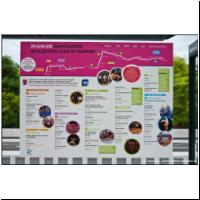 2012-07-10 B Inauguration.jpg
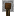 interact_grindstone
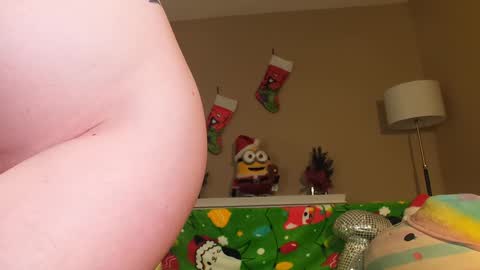 Snapshot of khloeexoxo chatting on 21, 12, 2024 Khloe online show from 21, 12, 2024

○ ○ ○

AIM OF THE EXERCISE: What is needed is an exact copy of all the data, with no images in it.

SOLVED PROBLEM:
 2012-07-10 B Inauguration.jpg
 interact_grindstone
 Snapshot of khloeexoxo chatting on 21, 12, 2024 Khloe online show from 21, 12, 2024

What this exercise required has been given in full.